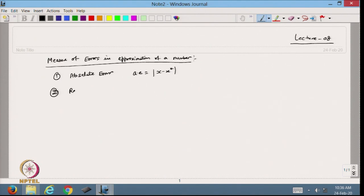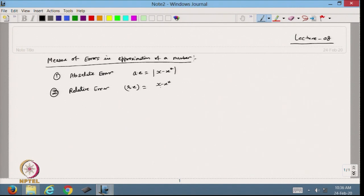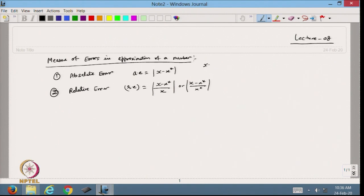The second one is the relative error. The relative error gives you the error corresponding to the given number. This can be written as x minus x star divided by either x — the exact value — or x minus x star divided by x star, the approximate value. So this is the relative error corresponding to the exact number and to the approximate number respectively.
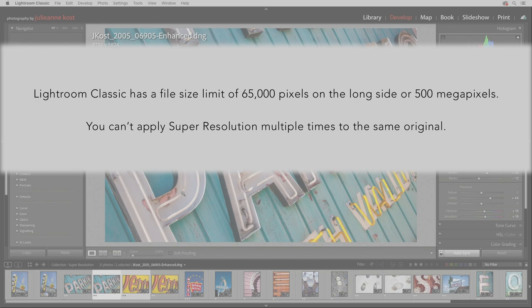So there you go. The next time you need to increase the resolution of your image, be sure to check out the new Super Resolution feature in Lightroom Classic. I'm Julianne Kost. Thanks for watching.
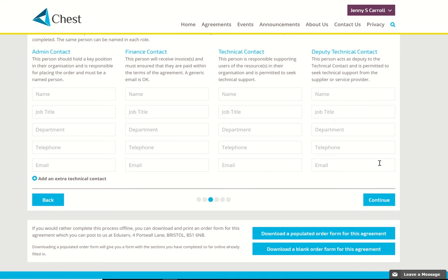Here we are on the admin contact page. As I explained before, this will eventually auto-populate, but for the time being we need to type your details in here. It's not essential that you provide a job title, but it's sometimes helpful, or a department. Telephone number is essential so please complete that, and also your work email address.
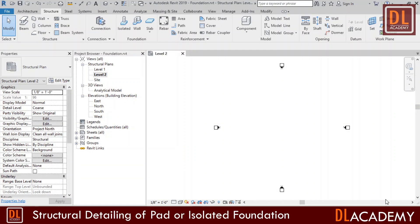Hi, welcome to DL Academy. Today I'm going to show you how to detail a pad foundation using Autodesk Revit.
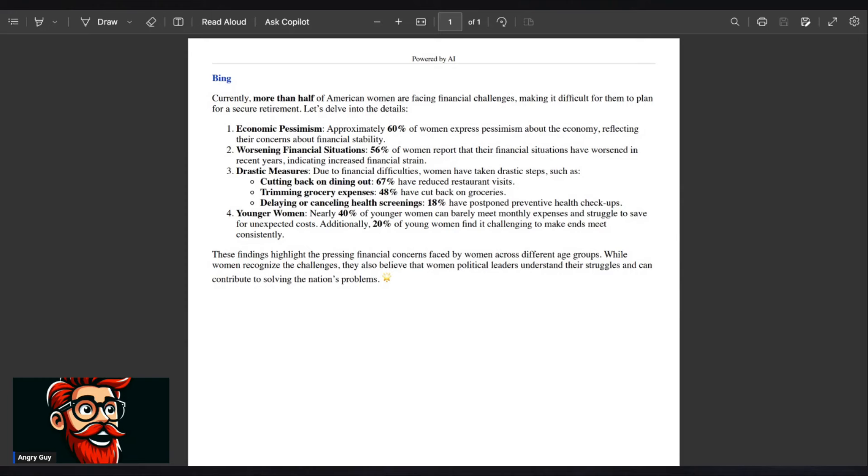Delaying or canceling health screenings. 18% have postponed preventative health checkups. That's a very serious statistic right there, because that can result in higher rates of mortality.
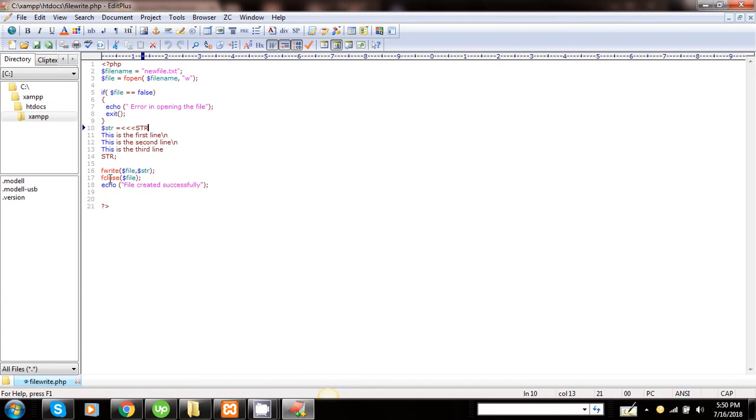For closing the file we need to use the fclose function. The fclose function is used to close an open pointer. If everything goes well, then we will get this message: 'file created successfully.' So we just need to run this program and see what would be the result.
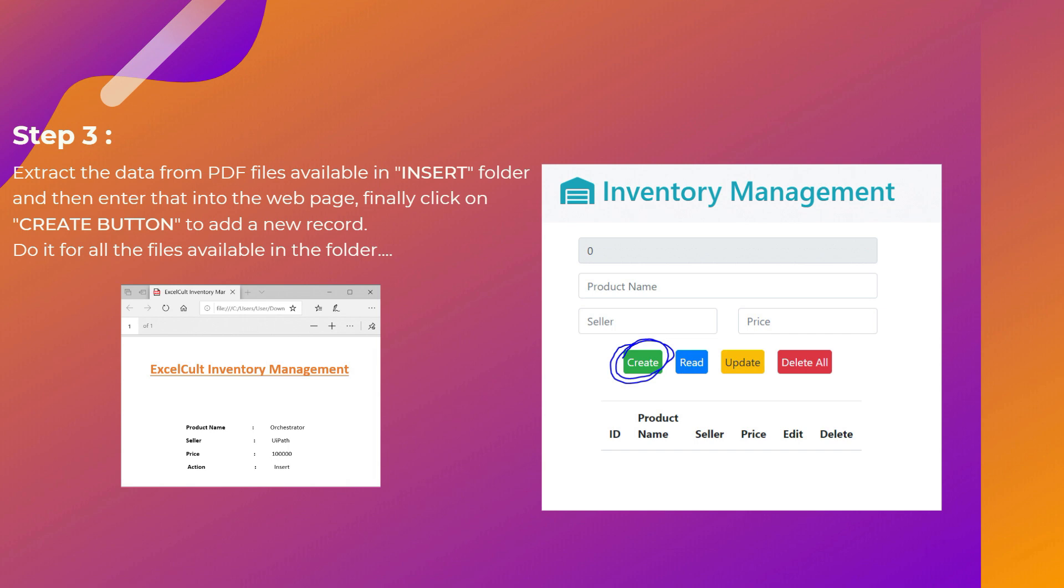From here you have to extract the data and then enter that particular data like product name, seller, and price into this particular webpage and then click on create button which is highlighted in the right image to add that to the inventory. And do it for all the files available in that particular folder.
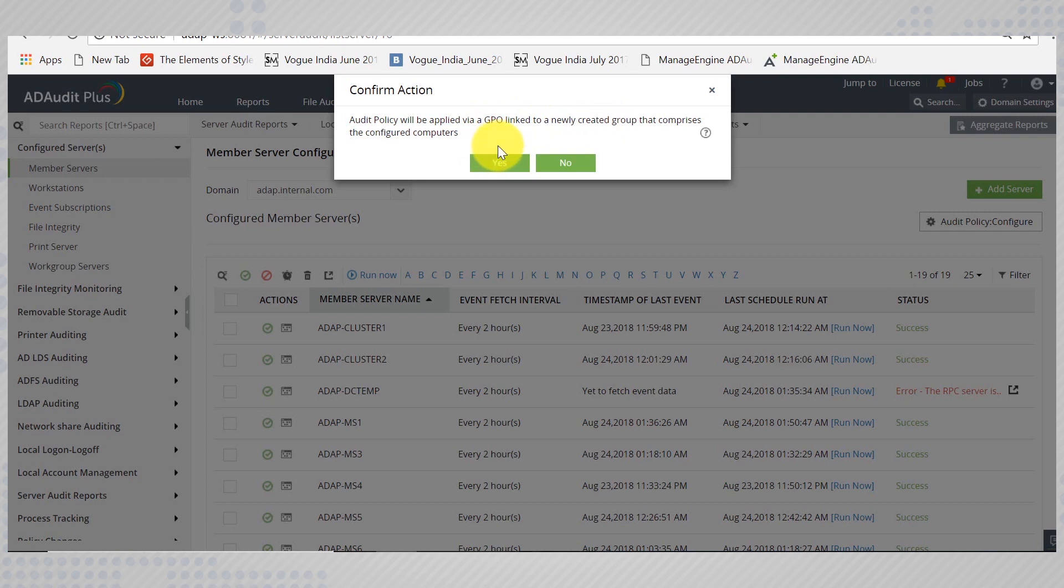You can select yes if that's okay, or if you would like to configure the audit policies yourself, you can select no.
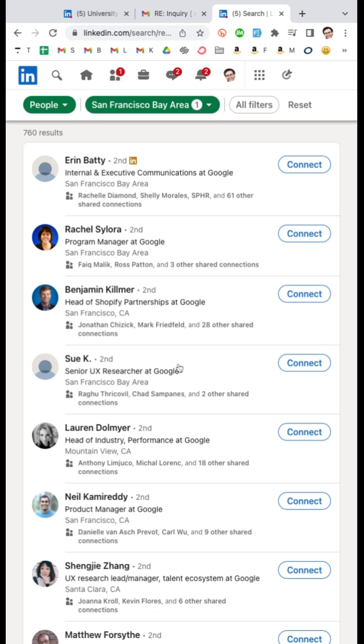So that's how you'd run your search, that's how you find the exact right alums even without the alumni tool. Hopefully it'll be fixed relatively soon, but in the meantime this is a great workaround.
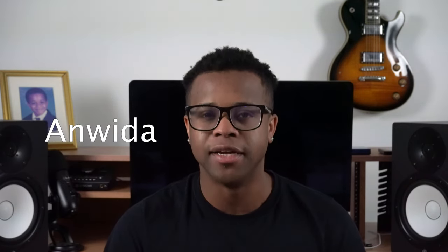The 28th best free reverb VST is SpatioLite by Enwida.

______________________________

*Task to complete*
Starting with the opening line of the listing, write out each line exactly until the line that contains "For closing the" has been included; skip the pictures.

*Response*
The second one is the relative error. The relative error gives you the error corresponding to the given number. This can be written as x minus x star divided by either x — the exact value — or x minus x star divided by x star, the approximate value. So this is the relative error corresponding to the exact number and to the approximate number respectively.
So there you go. The next time you need to increase the resolution of your image, be sure to check out the new Super Resolution feature in Lightroom Classic. I'm Julianne Kost. Thanks for watching.
Here we are on the admin contact page. As I explained before, this will eventually auto-populate, but for the time being we need to type your details in here. It's not essential that you provide a job title, but it's sometimes helpful, or a department. Telephone number is essential so please complete that, and also your work email address.
Hi, welcome to DL Academy. Today I'm going to show you how to detail a pad foundation using Autodesk Revit.
Delaying or canceling health screenings. 18% have postponed preventative health checkups. That's a very serious statistic right there, because that can result in higher rates of mortality.
For closing the file we need to use the fclose function. The fclose function is used to close an open pointer. If everything goes well, then we will get this message: 'file created successfully.' So we just need to run this program and see what would be the result.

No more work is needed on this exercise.